Stored records
--------

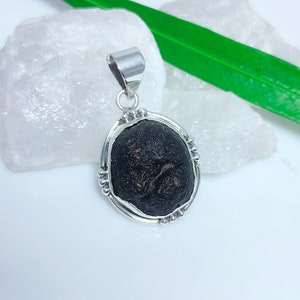 Saffordite Pendant, Saffordite Necklace, Saffordite Cintamani Pendant, 925 Silver Pendant, Natural Saffordite, Tektite, Christmas Sale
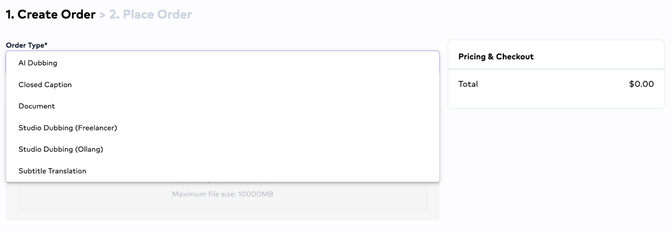 A screenshot of the OLabs order creation page, displaying the initial step in the process. This page shows the available translation methods, which include dubbing, subtitling, document translation, closed captioning, and studio translation.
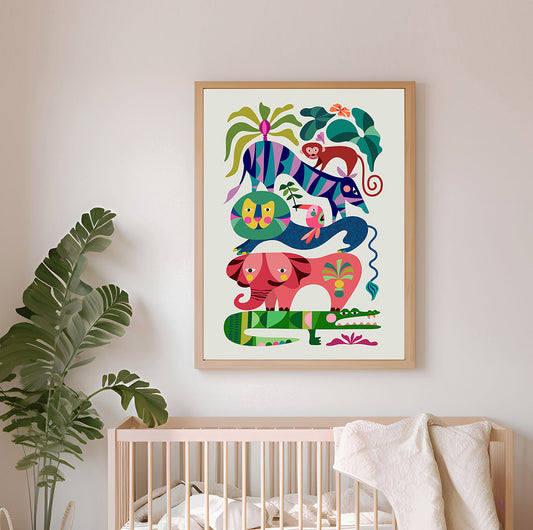 Let the walls in your baby's room tell a story with this lively and charming animals framed print.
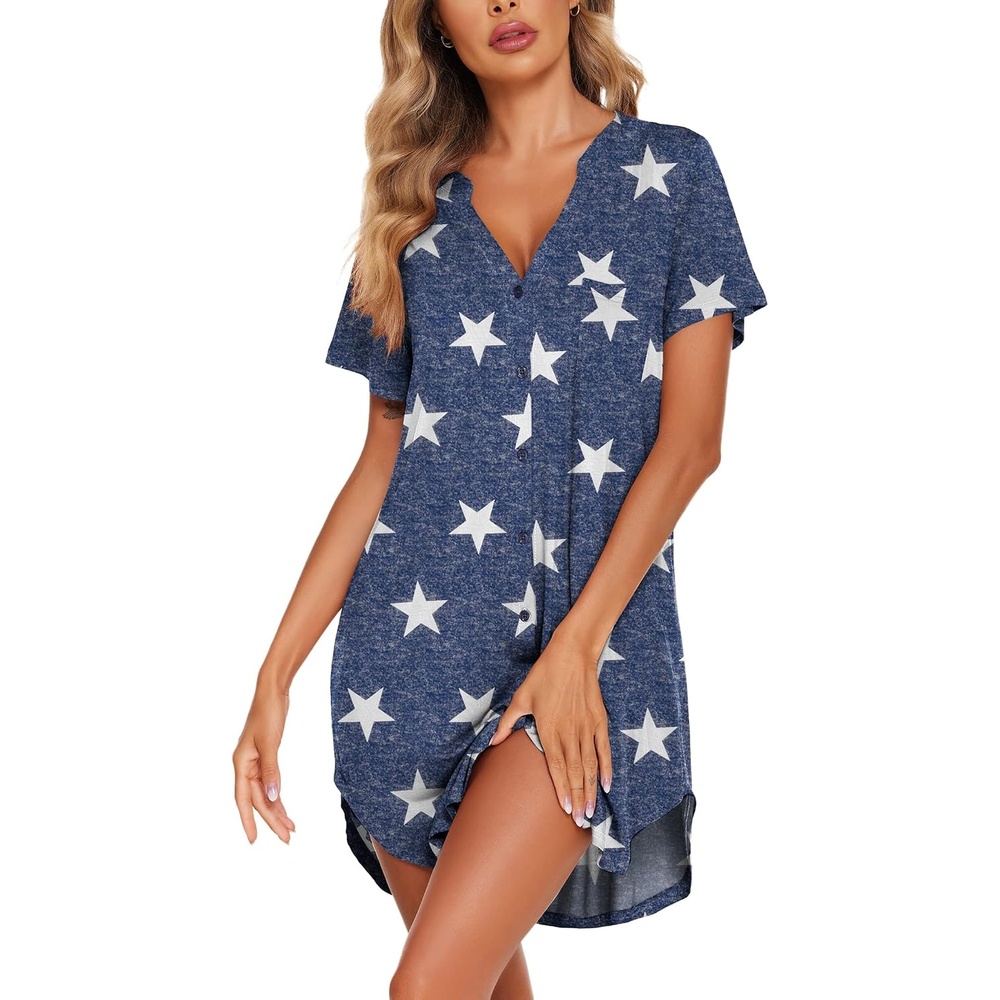 image:imageEkouaer Nightgowns for Women Button Down Night Gown Short Sleeve NightshirtPattern4star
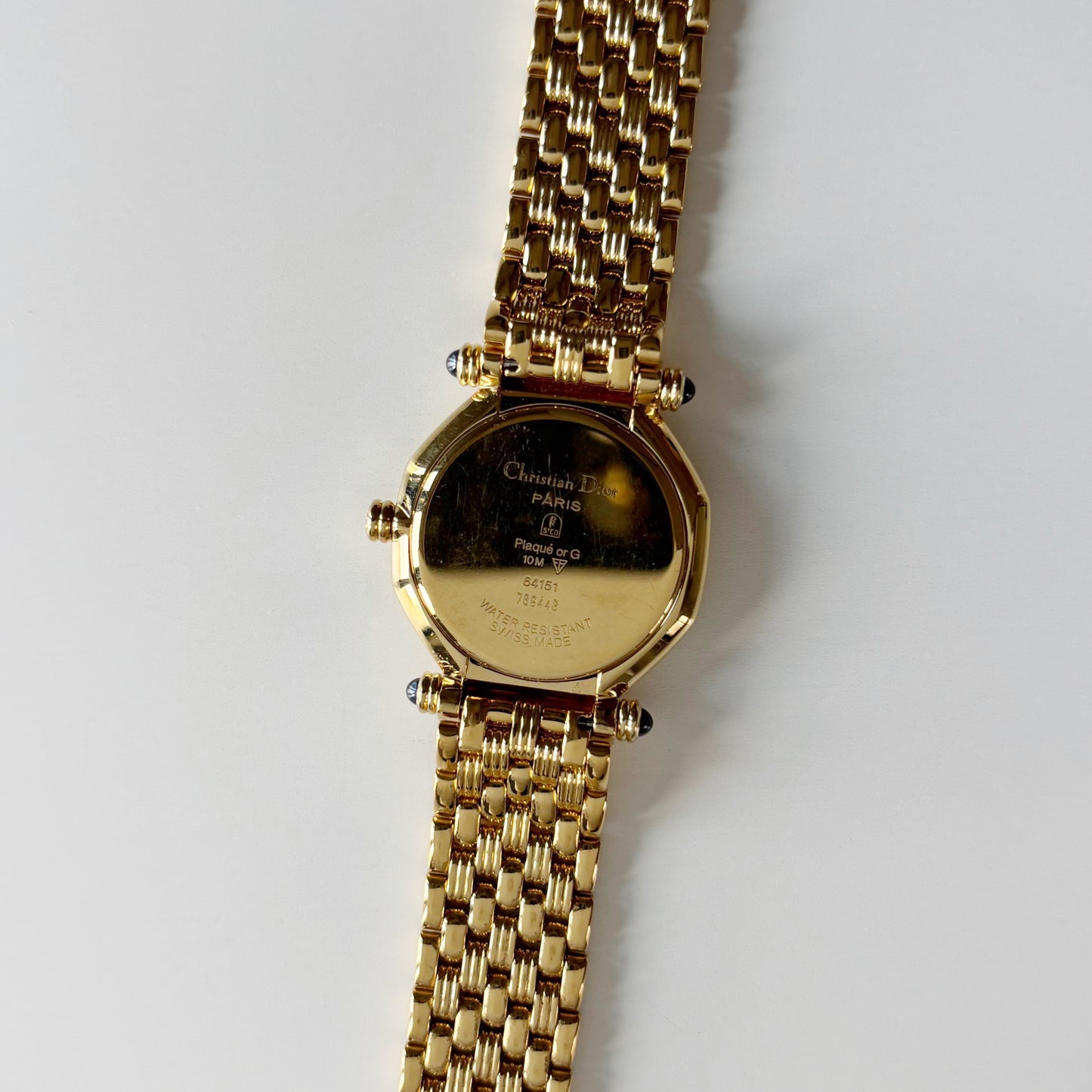 Dior 1990s CD Logo Octagon Gold Plated Watch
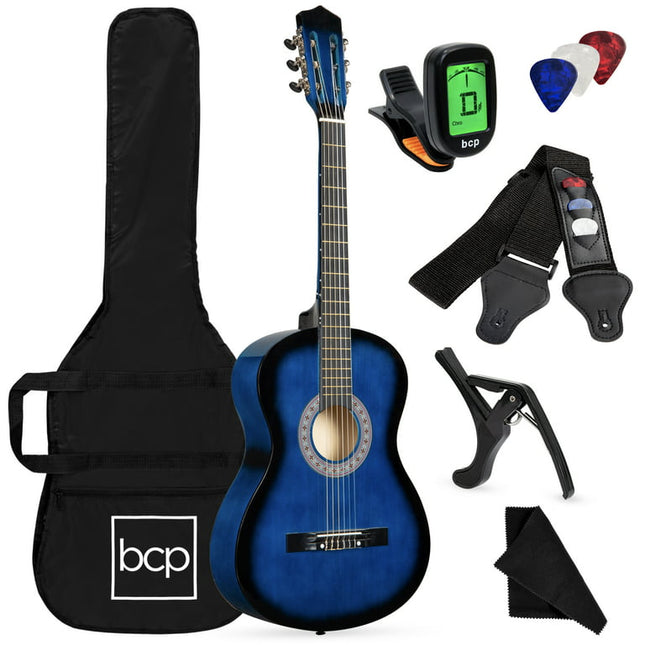 Best Choice Products 38in Beginner Acoustic Guitar Starter Kit w/ Gig Bag, Strap, Digital Tuner, Strings - Blue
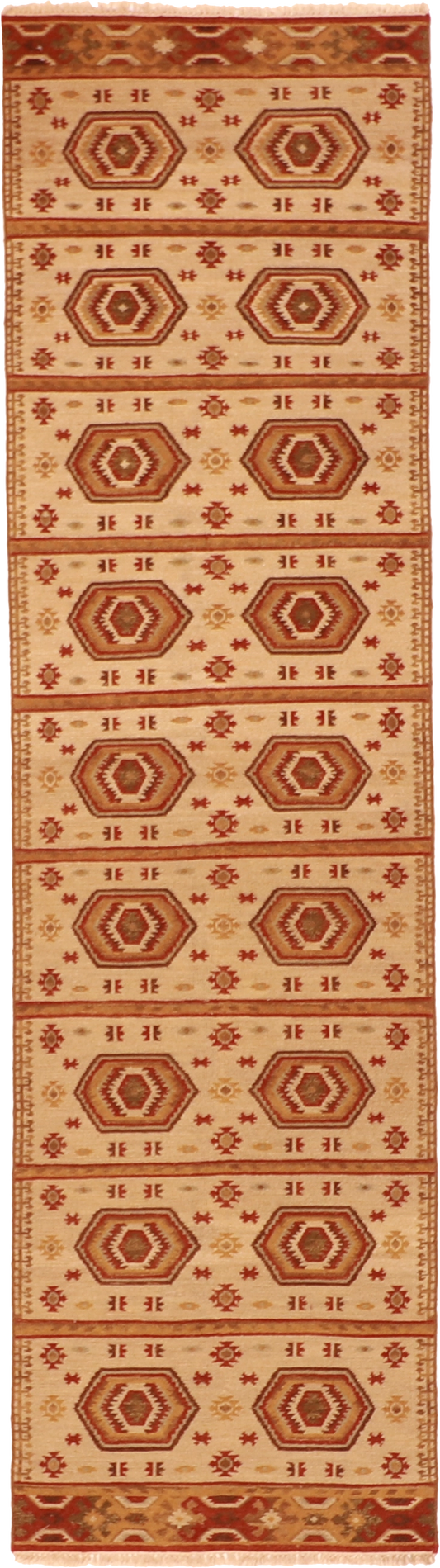 W 2.8 L 9.9 Karajeh Runner 100% Wool Geometric Design - 58758
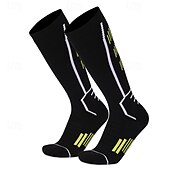 お買い得  サイクリングソックス-ユニセックス ソックス コンプレッションソックス バイクソックス スポーツソックス アスレチックソックス キャンプ / ハイキング アウトドア エクササイズ サイクリング / バイク バイク / サイクリング 滑り止め 暖かい 滑り止め 1 足 ストライプ コットン ブラック ホワイト ブラウン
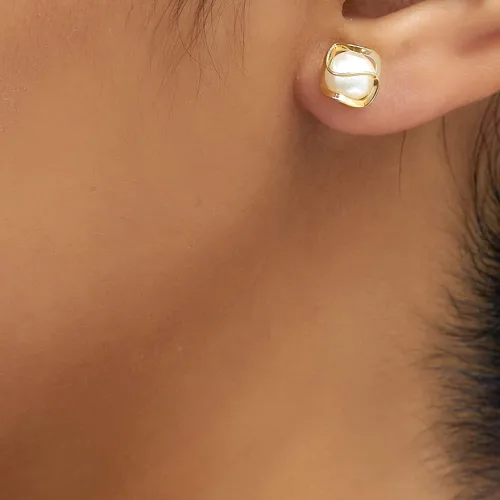 Miniatura 3 de Barzel Pendientes de botón con perla enjaulada chapados en oro de 18 quilates, 6MM - Hecho en Brasil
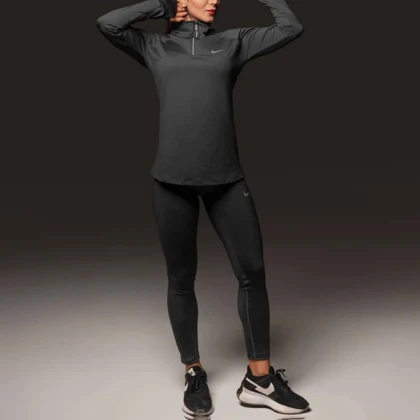 استرج نیم زیپ زنانه نایک مدل SRN-2B1286 طوسی تیره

--------

__Problem requirements__
What is needed is a word-for-word repeat of every line from the line with "Dior 1990s CD Logo Octagon Gold Plated Watch" to the end of the entries above; leave out the pictures.

__Solved exercise__
 Dior 1990s CD Logo Octagon Gold Plated Watch
 Best Choice Products 38in Beginner Acoustic Guitar Starter Kit w/ Gig Bag, Strap, Digital Tuner, Strings - Blue
 W 2.8 L 9.9 Karajeh Runner 100% Wool Geometric Design - 58758
 お買い得  サイクリングソックス-ユニセックス ソックス コンプレッションソックス バイクソックス スポーツソックス アスレチックソックス キャンプ / ハイキング アウトドア エクササイズ サイクリング / バイク バイク / サイクリング 滑り止め 暖かい 滑り止め 1 足 ストライプ コットン ブラック ホワイト ブラウン
 Miniatura 3 de Barzel Pendientes de botón con perla enjaulada chapados en oro de 18 quilates, 6MM - Hecho en Brasil
 استرج نیم زیپ زنانه نایک مدل SRN-2B1286 طوسی تیره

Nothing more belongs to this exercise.